Work item: Give back every record below precisely as written.

__________

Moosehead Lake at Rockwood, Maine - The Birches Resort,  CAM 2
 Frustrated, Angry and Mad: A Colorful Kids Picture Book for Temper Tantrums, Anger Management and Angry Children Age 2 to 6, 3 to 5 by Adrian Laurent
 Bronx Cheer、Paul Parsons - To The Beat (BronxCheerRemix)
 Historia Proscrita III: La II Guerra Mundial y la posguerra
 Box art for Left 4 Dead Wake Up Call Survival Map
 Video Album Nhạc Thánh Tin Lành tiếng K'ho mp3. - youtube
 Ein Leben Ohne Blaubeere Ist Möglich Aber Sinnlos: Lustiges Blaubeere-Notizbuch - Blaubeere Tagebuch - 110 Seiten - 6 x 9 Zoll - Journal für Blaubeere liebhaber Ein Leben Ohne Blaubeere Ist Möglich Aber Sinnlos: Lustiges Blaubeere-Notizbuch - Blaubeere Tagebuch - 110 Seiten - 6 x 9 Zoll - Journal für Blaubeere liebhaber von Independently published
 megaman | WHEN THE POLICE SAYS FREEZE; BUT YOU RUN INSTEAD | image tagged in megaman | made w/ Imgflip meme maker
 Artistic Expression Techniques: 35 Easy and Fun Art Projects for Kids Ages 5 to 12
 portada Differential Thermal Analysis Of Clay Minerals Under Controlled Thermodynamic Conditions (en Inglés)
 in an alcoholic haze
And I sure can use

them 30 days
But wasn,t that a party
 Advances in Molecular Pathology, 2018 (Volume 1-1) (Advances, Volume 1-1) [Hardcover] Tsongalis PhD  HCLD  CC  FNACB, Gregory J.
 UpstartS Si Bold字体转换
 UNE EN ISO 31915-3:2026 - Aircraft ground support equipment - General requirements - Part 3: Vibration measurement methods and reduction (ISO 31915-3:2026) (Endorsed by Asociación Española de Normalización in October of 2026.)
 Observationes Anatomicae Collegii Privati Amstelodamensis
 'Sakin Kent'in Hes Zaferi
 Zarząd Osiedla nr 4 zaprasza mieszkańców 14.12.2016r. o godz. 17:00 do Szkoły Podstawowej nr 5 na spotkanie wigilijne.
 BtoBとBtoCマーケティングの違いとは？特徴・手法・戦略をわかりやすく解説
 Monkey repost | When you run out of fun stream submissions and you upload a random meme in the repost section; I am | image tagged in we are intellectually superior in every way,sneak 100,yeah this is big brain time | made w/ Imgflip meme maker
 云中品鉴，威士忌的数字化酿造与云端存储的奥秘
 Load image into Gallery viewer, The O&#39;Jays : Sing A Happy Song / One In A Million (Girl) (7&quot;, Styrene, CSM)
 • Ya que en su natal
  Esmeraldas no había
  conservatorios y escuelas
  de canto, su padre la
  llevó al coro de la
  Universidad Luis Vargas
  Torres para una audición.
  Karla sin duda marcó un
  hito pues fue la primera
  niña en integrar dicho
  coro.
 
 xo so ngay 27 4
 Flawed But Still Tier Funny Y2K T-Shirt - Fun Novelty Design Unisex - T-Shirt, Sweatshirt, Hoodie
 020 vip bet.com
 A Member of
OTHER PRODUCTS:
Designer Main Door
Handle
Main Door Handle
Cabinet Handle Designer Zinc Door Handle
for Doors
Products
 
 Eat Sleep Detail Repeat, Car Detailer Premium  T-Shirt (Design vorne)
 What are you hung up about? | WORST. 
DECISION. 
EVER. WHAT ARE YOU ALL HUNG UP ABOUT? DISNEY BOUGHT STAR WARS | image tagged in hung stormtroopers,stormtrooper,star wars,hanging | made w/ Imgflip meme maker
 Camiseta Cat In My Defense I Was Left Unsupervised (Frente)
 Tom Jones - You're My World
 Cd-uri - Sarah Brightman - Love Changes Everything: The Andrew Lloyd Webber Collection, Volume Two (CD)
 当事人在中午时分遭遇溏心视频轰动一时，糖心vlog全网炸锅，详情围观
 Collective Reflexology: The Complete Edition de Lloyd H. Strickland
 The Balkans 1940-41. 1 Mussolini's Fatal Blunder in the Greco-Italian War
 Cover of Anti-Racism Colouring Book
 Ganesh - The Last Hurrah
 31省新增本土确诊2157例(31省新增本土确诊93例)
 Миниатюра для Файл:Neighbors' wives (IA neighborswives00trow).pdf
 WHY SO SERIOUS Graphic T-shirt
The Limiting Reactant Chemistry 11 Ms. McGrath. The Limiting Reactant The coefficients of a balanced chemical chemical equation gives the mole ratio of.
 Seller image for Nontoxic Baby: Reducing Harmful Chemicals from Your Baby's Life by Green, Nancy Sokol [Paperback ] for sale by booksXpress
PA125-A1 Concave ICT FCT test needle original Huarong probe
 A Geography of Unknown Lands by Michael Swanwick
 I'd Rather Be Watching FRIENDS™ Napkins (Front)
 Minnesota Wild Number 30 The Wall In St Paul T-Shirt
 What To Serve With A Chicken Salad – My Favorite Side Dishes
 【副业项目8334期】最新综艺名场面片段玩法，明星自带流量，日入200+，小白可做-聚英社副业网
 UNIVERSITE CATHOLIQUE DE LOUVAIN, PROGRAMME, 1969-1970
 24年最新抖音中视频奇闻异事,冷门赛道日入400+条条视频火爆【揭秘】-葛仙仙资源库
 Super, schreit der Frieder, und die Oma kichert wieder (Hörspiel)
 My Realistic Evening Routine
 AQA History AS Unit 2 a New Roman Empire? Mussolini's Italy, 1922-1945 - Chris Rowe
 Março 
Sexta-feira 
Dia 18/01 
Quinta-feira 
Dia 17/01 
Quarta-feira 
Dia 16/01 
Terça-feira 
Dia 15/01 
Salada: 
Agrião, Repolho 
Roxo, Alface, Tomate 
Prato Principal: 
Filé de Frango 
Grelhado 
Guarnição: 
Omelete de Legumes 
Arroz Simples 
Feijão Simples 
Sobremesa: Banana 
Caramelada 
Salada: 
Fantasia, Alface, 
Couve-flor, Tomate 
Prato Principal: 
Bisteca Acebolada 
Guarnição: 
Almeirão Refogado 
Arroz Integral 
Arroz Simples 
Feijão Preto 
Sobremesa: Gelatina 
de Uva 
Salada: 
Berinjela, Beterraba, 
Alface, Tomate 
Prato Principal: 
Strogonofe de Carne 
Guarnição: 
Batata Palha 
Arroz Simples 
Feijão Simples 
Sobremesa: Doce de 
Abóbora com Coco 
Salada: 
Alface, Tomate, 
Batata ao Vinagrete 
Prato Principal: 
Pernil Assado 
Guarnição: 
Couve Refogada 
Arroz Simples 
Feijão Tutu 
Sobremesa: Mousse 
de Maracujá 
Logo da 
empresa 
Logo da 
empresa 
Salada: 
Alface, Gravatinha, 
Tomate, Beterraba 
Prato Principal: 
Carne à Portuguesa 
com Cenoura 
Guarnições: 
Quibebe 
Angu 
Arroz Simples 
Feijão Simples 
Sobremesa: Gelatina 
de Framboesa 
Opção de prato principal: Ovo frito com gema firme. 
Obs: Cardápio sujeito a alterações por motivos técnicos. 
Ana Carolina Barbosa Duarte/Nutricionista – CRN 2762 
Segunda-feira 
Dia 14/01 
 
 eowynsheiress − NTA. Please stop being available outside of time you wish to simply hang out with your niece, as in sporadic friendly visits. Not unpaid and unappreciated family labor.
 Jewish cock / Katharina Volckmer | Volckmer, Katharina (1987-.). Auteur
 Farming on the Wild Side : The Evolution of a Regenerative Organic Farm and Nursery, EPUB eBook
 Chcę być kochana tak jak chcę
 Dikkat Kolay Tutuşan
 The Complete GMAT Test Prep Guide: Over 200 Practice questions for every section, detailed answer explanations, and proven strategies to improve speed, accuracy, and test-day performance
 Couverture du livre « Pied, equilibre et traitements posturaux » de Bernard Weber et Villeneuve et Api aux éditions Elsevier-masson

__________

Result of the task:
Moosehead Lake at Rockwood, Maine - The Birches Resort,  CAM 2
 Frustrated, Angry and Mad: A Colorful Kids Picture Book for Temper Tantrums, Anger Management and Angry Children Age 2 to 6, 3 to 5 by Adrian Laurent
 Bronx Cheer、Paul Parsons - To The Beat (BronxCheerRemix)
 Historia Proscrita III: La II Guerra Mundial y la posguerra
 Box art for Left 4 Dead Wake Up Call Survival Map
 Video Album Nhạc Thánh Tin Lành tiếng K'ho mp3. - youtube
 Ein Leben Ohne Blaubeere Ist Möglich Aber Sinnlos: Lustiges Blaubeere-Notizbuch - Blaubeere Tagebuch - 110 Seiten - 6 x 9 Zoll - Journal für Blaubeere liebhaber Ein Leben Ohne Blaubeere Ist Möglich Aber Sinnlos: Lustiges Blaubeere-Notizbuch - Blaubeere Tagebuch - 110 Seiten - 6 x 9 Zoll - Journal für Blaubeere liebhaber von Independently published
 megaman | WHEN THE POLICE SAYS FREEZE; BUT YOU RUN INSTEAD | image tagged in megaman | made w/ Imgflip meme maker
 Artistic Expression Techniques: 35 Easy and Fun Art Projects for Kids Ages 5 to 12
 portada Differential Thermal Analysis Of Clay Minerals Under Controlled Thermodynamic Conditions (en Inglés)
 in an alcoholic haze
And I sure can use

them 30 days
But wasn,t that a party
 Advances in Molecular Pathology, 2018 (Volume 1-1) (Advances, Volume 1-1) [Hardcover] Tsongalis PhD  HCLD  CC  FNACB, Gregory J.
 UpstartS Si Bold字体转换
 UNE EN ISO 31915-3:2026 - Aircraft ground support equipment - General requirements - Part 3: Vibration measurement methods and reduction (ISO 31915-3:2026) (Endorsed by Asociación Española de Normalización in October of 2026.)
 Observationes Anatomicae Collegii Privati Amstelodamensis
 'Sakin Kent'in Hes Zaferi
 Zarząd Osiedla nr 4 zaprasza mieszkańców 14.12.2016r. o godz. 17:00 do Szkoły Podstawowej nr 5 na spotkanie wigilijne.
 BtoBとBtoCマーケティングの違いとは？特徴・手法・戦略をわかりやすく解説
 Monkey repost | When you run out of fun stream submissions and you upload a random meme in the repost section; I am | image tagged in we are intellectually superior in every way,sneak 100,yeah this is big brain time | made w/ Imgflip meme maker
 云中品鉴，威士忌的数字化酿造与云端存储的奥秘
 Load image into Gallery viewer, The O&#39;Jays : Sing A Happy Song / One In A Million (Girl) (7&quot;, Styrene, CSM)
 • Ya que en su natal
  Esmeraldas no había
  conservatorios y escuelas
  de canto, su padre la
  llevó al coro de la
  Universidad Luis Vargas
  Torres para una audición.
  Karla sin duda marcó un
  hito pues fue la primera
  niña en integrar dicho
  coro.
 
 xo so ngay 27 4
 Flawed But Still Tier Funny Y2K T-Shirt - Fun Novelty Design Unisex - T-Shirt, Sweatshirt, Hoodie
 020 vip bet.com
 A Member of
OTHER PRODUCTS:
Designer Main Door
Handle
Main Door Handle
Cabinet Handle Designer Zinc Door Handle
for Doors
Products
 
 Eat Sleep Detail Repeat, Car Detailer Premium  T-Shirt (Design vorne)
 What are you hung up about? | WORST. 
DECISION. 
EVER. WHAT ARE YOU ALL HUNG UP ABOUT? DISNEY BOUGHT STAR WARS | image tagged in hung stormtroopers,stormtrooper,star wars,hanging | made w/ Imgflip meme maker
 Camiseta Cat In My Defense I Was Left Unsupervised (Frente)
 Tom Jones - You're My World
 Cd-uri - Sarah Brightman - Love Changes Everything: The Andrew Lloyd Webber Collection, Volume Two (CD)
 当事人在中午时分遭遇溏心视频轰动一时，糖心vlog全网炸锅，详情围观
 Collective Reflexology: The Complete Edition de Lloyd H. Strickland
 The Balkans 1940-41. 1 Mussolini's Fatal Blunder in the Greco-Italian War
 Cover of Anti-Racism Colouring Book
 Ganesh - The Last Hurrah
 31省新增本土确诊2157例(31省新增本土确诊93例)
 Миниатюра для Файл:Neighbors' wives (IA neighborswives00trow).pdf
 WHY SO SERIOUS Graphic T-shirt
The Limiting Reactant Chemistry 11 Ms. McGrath. The Limiting Reactant The coefficients of a balanced chemical chemical equation gives the mole ratio of.
 Seller image for Nontoxic Baby: Reducing Harmful Chemicals from Your Baby's Life by Green, Nancy Sokol [Paperback ] for sale by booksXpress
PA125-A1 Concave ICT FCT test needle original Huarong probe
 A Geography of Unknown Lands by Michael Swanwick
 I'd Rather Be Watching FRIENDS™ Napkins (Front)
 Minnesota Wild Number 30 The Wall In St Paul T-Shirt
 What To Serve With A Chicken Salad – My Favorite Side Dishes
 【副业项目8334期】最新综艺名场面片段玩法，明星自带流量，日入200+，小白可做-聚英社副业网
 UNIVERSITE CATHOLIQUE DE LOUVAIN, PROGRAMME, 1969-1970
 24年最新抖音中视频奇闻异事,冷门赛道日入400+条条视频火爆【揭秘】-葛仙仙资源库
 Super, schreit der Frieder, und die Oma kichert wieder (Hörspiel)
 My Realistic Evening Routine
 AQA History AS Unit 2 a New Roman Empire? Mussolini's Italy, 1922-1945 - Chris Rowe
 Março 
Sexta-feira 
Dia 18/01 
Quinta-feira 
Dia 17/01 
Quarta-feira 
Dia 16/01 
Terça-feira 
Dia 15/01 
Salada: 
Agrião, Repolho 
Roxo, Alface, Tomate 
Prato Principal: 
Filé de Frango 
Grelhado 
Guarnição: 
Omelete de Legumes 
Arroz Simples 
Feijão Simples 
Sobremesa: Banana 
Caramelada 
Salada: 
Fantasia, Alface, 
Couve-flor, Tomate 
Prato Principal: 
Bisteca Acebolada 
Guarnição: 
Almeirão Refogado 
Arroz Integral 
Arroz Simples 
Feijão Preto 
Sobremesa: Gelatina 
de Uva 
Salada: 
Berinjela, Beterraba, 
Alface, Tomate 
Prato Principal: 
Strogonofe de Carne 
Guarnição: 
Batata Palha 
Arroz Simples 
Feijão Simples 
Sobremesa: Doce de 
Abóbora com Coco 
Salada: 
Alface, Tomate, 
Batata ao Vinagrete 
Prato Principal: 
Pernil Assado 
Guarnição: 
Couve Refogada 
Arroz Simples 
Feijão Tutu 
Sobremesa: Mousse 
de Maracujá 
Logo da 
empresa 
Logo da 
empresa 
Salada: 
Alface, Gravatinha, 
Tomate, Beterraba 
Prato Principal: 
Carne à Portuguesa 
com Cenoura 
Guarnições: 
Quibebe 
Angu 
Arroz Simples 
Feijão Simples 
Sobremesa: Gelatina 
de Framboesa 
Opção de prato principal: Ovo frito com gema firme. 
Obs: Cardápio sujeito a alterações por motivos técnicos. 
Ana Carolina Barbosa Duarte/Nutricionista – CRN 2762 
Segunda-feira 
Dia 14/01 
 
 eowynsheiress − NTA. Please stop being available outside of time you wish to simply hang out with your niece, as in sporadic friendly visits. Not unpaid and unappreciated family labor.
 Jewish cock / Katharina Volckmer | Volckmer, Katharina (1987-.). Auteur
 Farming on the Wild Side : The Evolution of a Regenerative Organic Farm and Nursery, EPUB eBook
 Chcę być kochana tak jak chcę
 Dikkat Kolay Tutuşan
 The Complete GMAT Test Prep Guide: Over 200 Practice questions for every section, detailed answer explanations, and proven strategies to improve speed, accuracy, and test-day performance
 Couverture du livre « Pied, equilibre et traitements posturaux » de Bernard Weber et Villeneuve et Api aux éditions Elsevier-masson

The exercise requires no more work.